* **TASK STATEMENT**
Print the data below exactly, but only the lines from the one containing "Top con cuello barco fruncido" down to the one containing "El delantero holand&eacute;s", inclusive.

* **PROVIDED DATA**
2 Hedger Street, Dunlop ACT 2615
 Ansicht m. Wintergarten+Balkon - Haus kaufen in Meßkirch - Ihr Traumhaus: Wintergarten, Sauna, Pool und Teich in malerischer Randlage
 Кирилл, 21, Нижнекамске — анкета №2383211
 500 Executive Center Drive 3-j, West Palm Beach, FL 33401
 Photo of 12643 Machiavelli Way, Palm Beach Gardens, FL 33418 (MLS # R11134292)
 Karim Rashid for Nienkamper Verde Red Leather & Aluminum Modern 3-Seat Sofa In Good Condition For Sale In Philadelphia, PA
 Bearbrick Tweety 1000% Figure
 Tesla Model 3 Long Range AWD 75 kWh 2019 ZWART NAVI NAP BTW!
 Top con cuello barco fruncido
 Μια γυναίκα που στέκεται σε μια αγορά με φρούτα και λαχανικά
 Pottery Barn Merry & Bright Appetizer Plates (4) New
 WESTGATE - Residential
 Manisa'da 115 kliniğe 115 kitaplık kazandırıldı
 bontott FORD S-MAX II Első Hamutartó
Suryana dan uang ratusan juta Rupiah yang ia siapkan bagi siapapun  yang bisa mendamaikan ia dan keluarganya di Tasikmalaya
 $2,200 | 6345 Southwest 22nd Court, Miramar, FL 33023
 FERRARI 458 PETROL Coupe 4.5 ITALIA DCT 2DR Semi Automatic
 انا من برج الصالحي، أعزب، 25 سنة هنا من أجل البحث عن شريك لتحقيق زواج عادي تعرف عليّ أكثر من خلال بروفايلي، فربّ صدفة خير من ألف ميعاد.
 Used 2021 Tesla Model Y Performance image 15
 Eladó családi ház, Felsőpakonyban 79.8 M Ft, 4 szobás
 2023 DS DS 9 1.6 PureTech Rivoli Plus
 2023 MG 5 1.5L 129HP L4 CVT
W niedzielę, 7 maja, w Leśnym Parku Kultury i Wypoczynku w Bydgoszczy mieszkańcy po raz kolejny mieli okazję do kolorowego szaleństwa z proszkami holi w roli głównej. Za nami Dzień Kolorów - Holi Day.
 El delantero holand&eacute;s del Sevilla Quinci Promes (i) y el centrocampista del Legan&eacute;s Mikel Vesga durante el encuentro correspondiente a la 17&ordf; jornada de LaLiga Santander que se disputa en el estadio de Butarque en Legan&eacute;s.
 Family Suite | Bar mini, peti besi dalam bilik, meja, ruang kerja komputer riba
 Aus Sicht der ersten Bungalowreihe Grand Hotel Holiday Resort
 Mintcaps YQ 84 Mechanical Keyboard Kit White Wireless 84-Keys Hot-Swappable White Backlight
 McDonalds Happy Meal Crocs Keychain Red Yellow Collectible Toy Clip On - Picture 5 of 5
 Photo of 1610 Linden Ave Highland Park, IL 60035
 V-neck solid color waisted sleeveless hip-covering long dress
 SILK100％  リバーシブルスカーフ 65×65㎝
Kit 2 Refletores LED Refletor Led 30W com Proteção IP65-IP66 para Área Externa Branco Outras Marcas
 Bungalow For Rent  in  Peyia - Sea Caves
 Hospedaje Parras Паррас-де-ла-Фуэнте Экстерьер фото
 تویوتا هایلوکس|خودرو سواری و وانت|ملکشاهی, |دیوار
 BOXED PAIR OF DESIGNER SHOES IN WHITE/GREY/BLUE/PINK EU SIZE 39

* **RESPONSE**
 Top con cuello barco fruncido
 Μια γυναίκα που στέκεται σε μια αγορά με φρούτα και λαχανικά
 Pottery Barn Merry & Bright Appetizer Plates (4) New
 WESTGATE - Residential
 Manisa'da 115 kliniğe 115 kitaplık kazandırıldı
 bontott FORD S-MAX II Első Hamutartó
Suryana dan uang ratusan juta Rupiah yang ia siapkan bagi siapapun  yang bisa mendamaikan ia dan keluarganya di Tasikmalaya
 $2,200 | 6345 Southwest 22nd Court, Miramar, FL 33023
 FERRARI 458 PETROL Coupe 4.5 ITALIA DCT 2DR Semi Automatic
 انا من برج الصالحي، أعزب، 25 سنة هنا من أجل البحث عن شريك لتحقيق زواج عادي تعرف عليّ أكثر من خلال بروفايلي، فربّ صدفة خير من ألف ميعاد.
 Used 2021 Tesla Model Y Performance image 15
 Eladó családi ház, Felsőpakonyban 79.8 M Ft, 4 szobás
 2023 DS DS 9 1.6 PureTech Rivoli Plus
 2023 MG 5 1.5L 129HP L4 CVT
W niedzielę, 7 maja, w Leśnym Parku Kultury i Wypoczynku w Bydgoszczy mieszkańcy po raz kolejny mieli okazję do kolorowego szaleństwa z proszkami holi w roli głównej. Za nami Dzień Kolorów - Holi Day.
 El delantero holand&eacute;s del Sevilla Quinci Promes (i) y el centrocampista del Legan&eacute;s Mikel Vesga durante el encuentro correspondiente a la 17&ordf; jornada de LaLiga Santander que se disputa en el estadio de Butarque en Legan&eacute;s.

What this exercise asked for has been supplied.